PJ / Jal: I get it now. I was incorrectly thinking of spin (or roll, turnover, revolutions) in terms of distance, not time. Obviously a cue ball hit hard with follow is turning faster than one hit softly, even if both shots have the same number of revolutions over the distance to the object ball.

Thanks.
 
... it depends on the cut angle and amount of outside English; although, your statement is often true. For more info, see my February '07 BD article dealing with this topic.

... unless one is not good at judging CIT, or if the ball conditions are very clingy. In those cases, using gearing outside English can be more accurate (assuming the shooter has a good understanding and/or feeling for squirt and swerve effects, and can judge "gearing" English fairly well). For thin cuts, "no English" is probably the best choice in general, unless the cut angle is so large that the ball cannot be pocketed without extreme outside English (e.g., see impossible cut shots).

... unless conditions are very clingy and/or if you are not good at judging CIT (per above).

Regards,
Dave

I'll stick with Buddy Hall's recomendation and use no English on thin cut shots unless absolutely necessary.
 
I don't shoot impossible thin cuts.
I don't either (in game situations), but they are fun proposition shots ... and they ain't possible without English.

Regardless, I think we are in agreement concerning not using English with thin cuts.

Regards,
Dave
 
Agree with Joey here for sure. I used to be a "spin thin cuts in" sort of guy, since learning CTE/Pro1 and getting more familiar with center ball, I now will prefer (position notwithstanding) to just cut them in on the center axis.

While either draw or follow will work to help minimize cling, I prefer a good rolling ball (follow) when possible since draw can always wear off and turn into a stun shot at or near the moment of impact and cause you to undercut the ball.

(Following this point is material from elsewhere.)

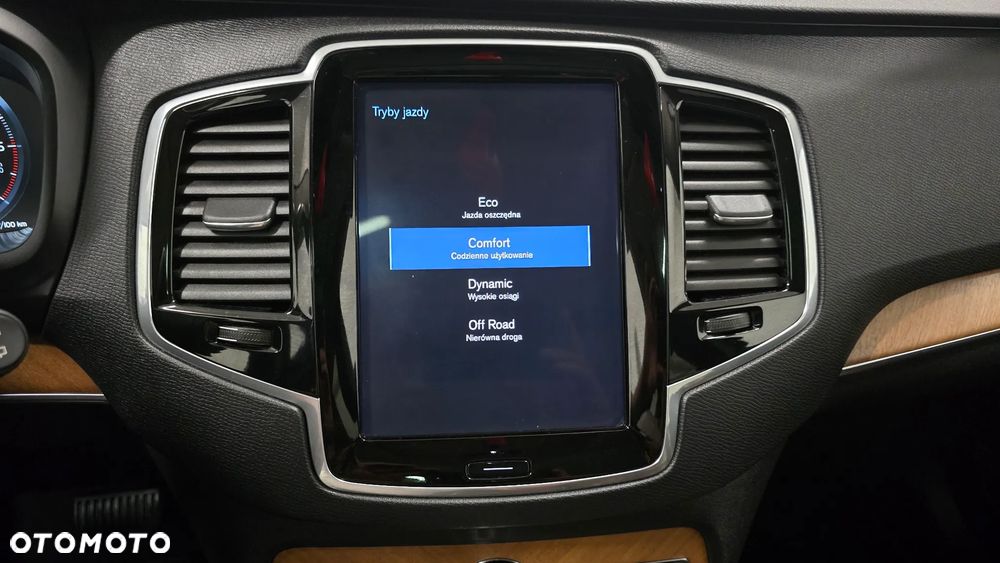 Volvo XC 90 D5 AWD Geartronic Inscription - 24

Another method is to use draw and outside, if hit properly you can get the ball to travel down table and curve away from the cut near or right at the impact point which will throw the object ball a bit more. A touchy shot, but not that bad really when playing with familiar equipment. I will still use this method when position doesn't allow me to just cut the ball thinly and go up and down the table, or when the cut approaches 90 degrees, although I will typically play safe instead.

Scott
 
Agree with Joey here for sure. I used to be a "spin thin cuts in" sort of guy, since learning CTE/Pro1 and getting more familiar with center ball, I now will prefer (position notwithstanding) to just cut them in on the center axis.

While either draw or follow will work to help minimize cling, I prefer a good rolling ball (follow) when possible since draw can always wear off and turn into a stun shot at or near the moment of impact and cause you to undercut the ball.

Another method is to use draw and outside, if hit properly you can get the ball to travel down table and curve away from the cut near or right at the impact point which will throw the object ball a bit more. A touchy shot, but not that bad really when playing with familiar equipment. I will still use this method when position doesn't allow me to just cut the ball thinly and go up and down the table, or when the cut approaches 90 degrees, although I will typically play safe instead.

Scott

Yes Scott. While CTE/Pro1 and Stan Shuffett opened my eyes to the precision and the value of center ball, they also opened my eyes to the minimal precision use of English, draw and follow.

Also, with the draw and outside, on long distances, the cue ball slows up its speed and the outside English becomes a more prominent player in cutting/throwing the object ball. In addition, because of the slower cue ball speed, the English on the cue ball takes better to the rail, enabling you to another path for the cueball. The downside is that the cueball can curve away from the object ball before it makes contact. Just something you have to practice.

This shot looks great when executed well.